To prove this one has only to consider his novels. There was a time when he had in common with Dickens and De Foe the quality they have in common with one another—the quality of homeliness. He drew the little world he knew well, the limited and lovable world of small folk. Mr. Hoopdriver, Delia the chambermaid, Kipps and Ann Pornick—a score of these helpless, grown-up little children he pictured with a radiant affection, tempering the wind to the shorn lamb. It is more in the nature of his later thought to see poverty as a wasteful rather than a cruel thing, even though he may not have approached the harsh realism of Bernard Shaw's observation: "I have never had any feeling about the English working classes except a desire to abolish them and replace them by sensible people."

Certainly he has not experienced any other world in quite this way. "I count that wide social range one of the most fortunate accidents in my life," he says. Accidental one feels it to be, as of a man inhabiting the great world by virtue of sheer talent, whose nature has not in any sense settled there. His philosophy and his socialism are outgrowths of his own experience; they erect into reasons and theories the nature of a life which is not at home, and which easily unburdens itself of all that seems insensate because it is unfamiliar. To be a socialist at all is to have accustomed oneself, through necessity or imagination, to a certain detachment from a great many of the familiar, lovable, encumbering, delightful stupidities of the world. And Wells has travelled up and down through time and space too much to have any great regard for the present. "I have come to be, I am afraid," he says, in The Future in America, "even a little insensitive to fine immediate things through this anticipatory habit.... There are times indeed when it makes life seem so transparent and flimsy, seem so dissolving, so passing on to an equally transitory series of consequences——." His hold upon the present is so far from inevitable that The New Machiavelli and Marriage, realistic as they are, are represented as being written some years hence, our own time already appearing retrospectively in them. As little as Faust has he been tempted to call out upon the passing moment. His main characters drift through this period of time, substantial themselves but with a background of substantialities, in a way that recalls Paolo and Francesca looming out of the phantom cloud-procession of the Inferno.
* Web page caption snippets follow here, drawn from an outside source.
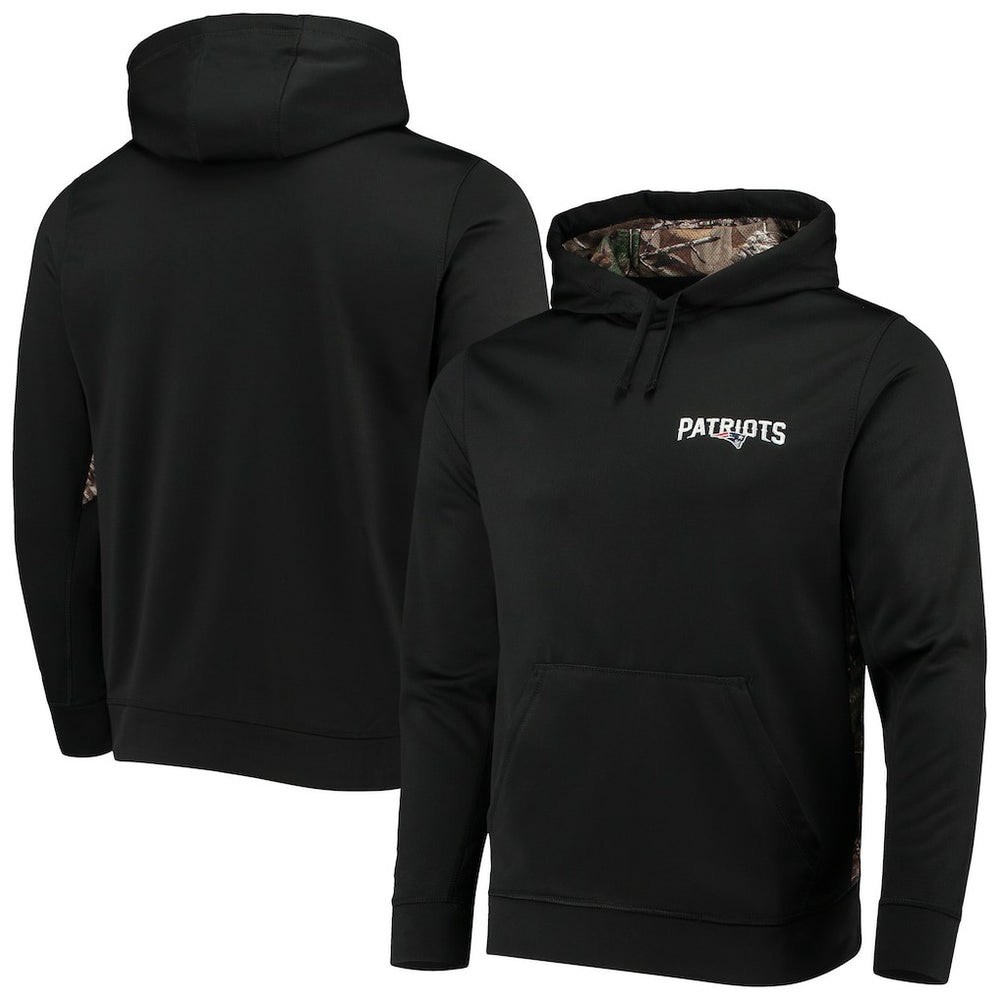 New England Patriots Dunbrooke Logo Ranger Pullover Hoodie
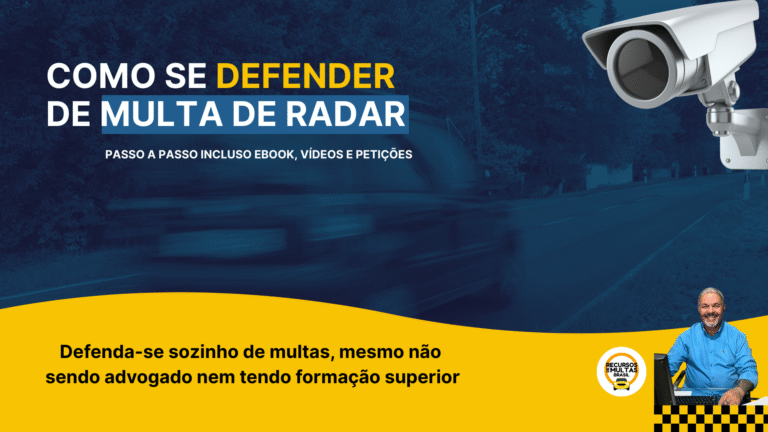 RECURSO PARA MULTAS DE RADARES DE VELOCIDADE
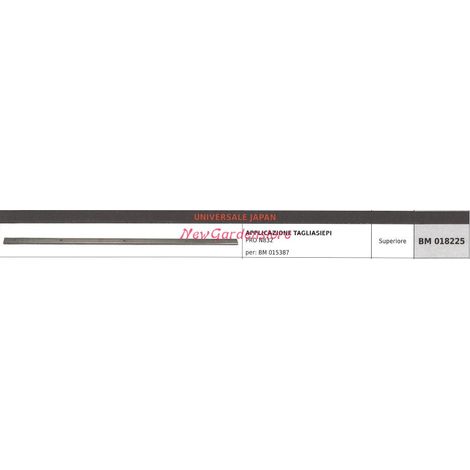 Lama superiore UNIVERSALE tagliasiepe PRO N832 018225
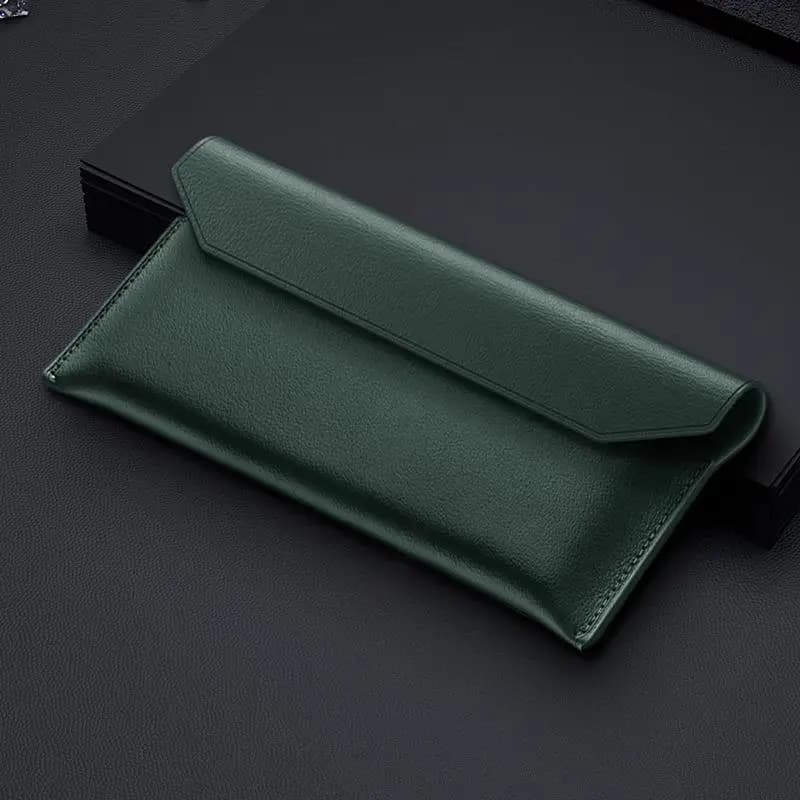 Custodia in pelle per telefono con vibrazione magnetica per Samsung Z Fold 7 6 Custodia speciale per fondina per telefono pochette per Galaxy Z Fold7 SE 5 4 3 2 5G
Into this larger world, in short, he has carried with him only himself and his own story. We live in two worlds—the primary world of vivid personal realities and the secondary world of our human background. It is the secondary world that anchors us in time and space; the primary world we carry with us as part of ourselves. In Wells there is no secondary world, no human background, no sense of abiding relations. It is his philosophy of life and the quality of his men and women to be experimental in a plastic scheme. His range is very small: the same figures reappear constantly. There is the Wells hero,—Lewisham, Capes, Ponderevo, Remington, Trafford, Stratton; there is the Wells heroine, Ann Veronica, Isabel, Marjorie, Lady Mary; there is the ineffectual woman with whom the Wells hero becomes entangled, Capes's first wife, Marion, Margaret; there is the ineffectual man with whom the Wells heroine becomes entangled, Magnet, Manning. To strike the lowest common denominator in this tangle is inevitably to arrive once more, one feels, in the region of personal experience. Although it cannot be said that his minor characters are lacking in reality, they are certainly intellectual portraits, and outside the limits of subjective experience. The principal men and women of Wells move through a world seen, but hardly a world felt.